SPOX: Wenn der Ball dann in einer solch entscheidenden Phase wie in Spiel fünf gegen Brooklyn oder auch in den letztjährigen Finals gegen die San Antonio Spurs in der sechsten Partie fällt: Wie sieht in diesen Momenten die "Gefühlswelt" des Ray Allen aus? Haken Sie dies unter dem Thema "Business as usual" ab oder kommen dann auch beim erfolgreichsten Drei-Punkte-Schützen aller Zeiten in der NBA die Emotionen hoch?

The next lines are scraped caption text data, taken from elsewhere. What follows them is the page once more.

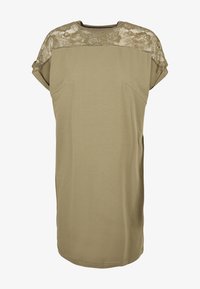 Odabrano, khaki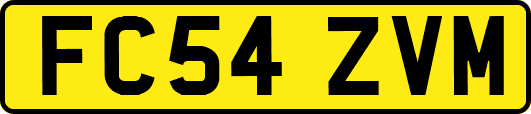 FC54ZVM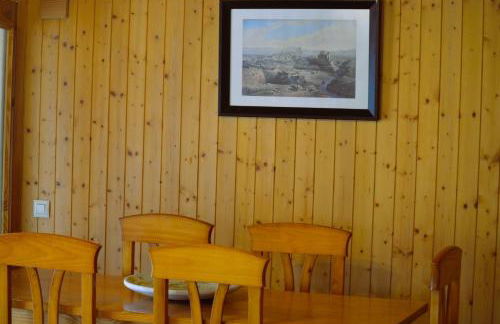 CASA RURAL LOS HALCONES - Foto 17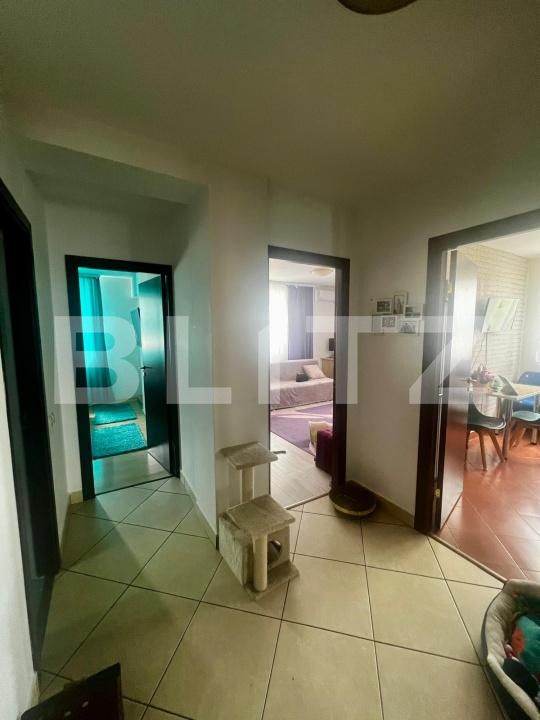 Apartament de vânzare 2 camere Bună Ziua - 170352AV | BLITZ Cluj-Napoca | Poza7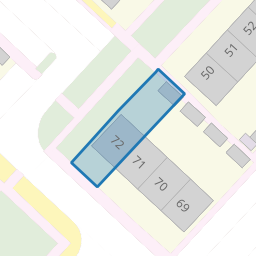 Perceel CLB00-K-3554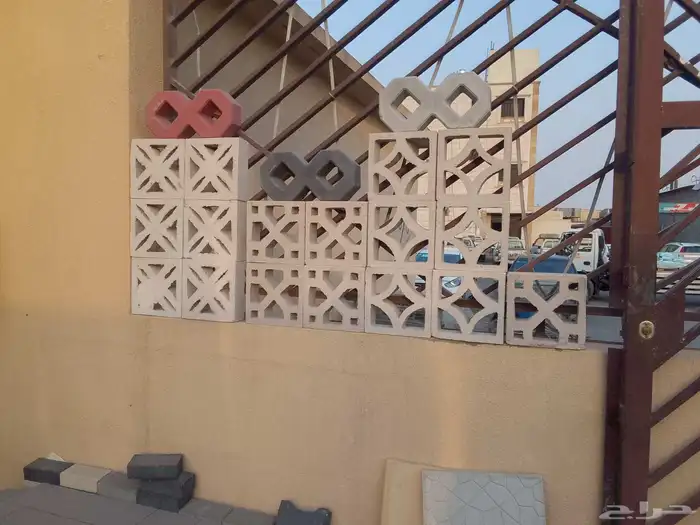 جميع تشكيلاته متوفره جوده عاليه لتواصل اتصل بنا 2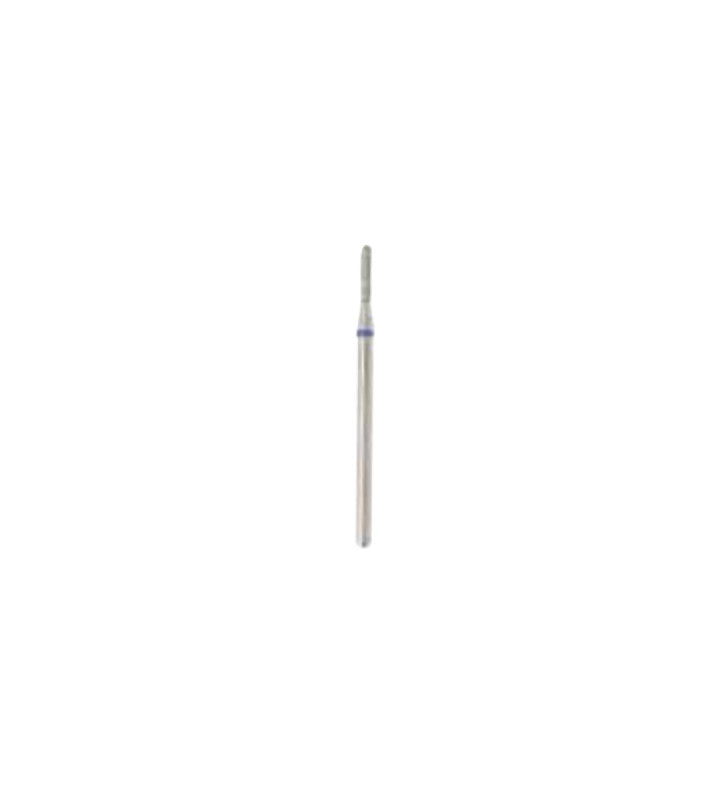 Pollié - Brocas para torno de uñas Profesional_1402___9088_1402___2534603338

Allen: Das hängt letztlich schon etwas von der Situation ab. Zunächst einmal bin ich niemand, der nach einem solchen Shot völlig überdreht oder gar die Fassung verliert, da ich von mir einfach erwarte, dass ich diesen einen Wurf treffe! Aber klar, wenn man jetzt einmal die von Ihnen bereits angesprochene Begegnung gegen Brooklyn betrachtet: Wir standen bereits mit dem Rücken gehörig zur Wand. Als uns der Dreier nach einer tollen Aufholjagd dann plötzlich wieder in eine Situation gebracht hat, das Match und damit die Serie zu gewinnen, war das schon ein sehr emotionaler Moment. Allerdings musst du diese Emotionen auch sehr schnell wieder kontrollieren, um einen klaren Kopf zu bewahren. Auf alle Fälle stärkt es aber dein Selbstvertrauen.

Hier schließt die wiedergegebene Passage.